From VCU Police Department:

WEEKEND TRAFFIC / MONROE PARK CAMPUS: VCU freshmen will move into their residence halls from 5:30 p.m. to 7:30 p.m. on Friday and from 8 a.m. to 7 p.m. on Saturday. Traffic congestion is expected in the areas near VCU’s student residence halls Friday evening and Saturday and there will be very limited street parking available.

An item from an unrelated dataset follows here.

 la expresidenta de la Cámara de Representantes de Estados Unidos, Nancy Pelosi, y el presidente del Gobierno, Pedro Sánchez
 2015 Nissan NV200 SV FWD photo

In order to ensure safety and order as students move into residence halls, the following streets will have travel restrictions or will be closed:

  • Franklin Street: The street will be closed to through traffic between Harrison and Belvidere streets; traffic arriving for move-in will be reduced to one travel lane between Harrison and Belvidere streets.
  • Grace Street: Travel lanes will remain open, however, drivers may experience some congestion between Ryland and Belvidere streets.
  • Cary Street: Travel lanes will remain open, but drivers may experience some congestion between Cherry and Jefferson streets.
  • Marshall Street: Travel lanes will remain open, but drivers may experience some congestion between Bowe and Hancock streets.
  • Laurel Street: The street will be closed between West Grace and West Cathedral streets. Parishioners of the Cathedral of the Sacred Heart will be allowed to park in designated spots on Cathedral Street and in the West Main Street Parking Deck. Drivers may experience some congestion between Cathedral and Cary streets.
  • Pine Street: The street continues to be closed between West Cary and West Main streets for construction through 2018.

Traffic restrictions and closures will be in effect on Saturday from 5 a.m. to 8 p.m. VCU Police will handle traffic control as students move in. In addition, Laurel Street will be closed between Franklin and Grace streets on Friday from 5 p.m. to 8 p.m.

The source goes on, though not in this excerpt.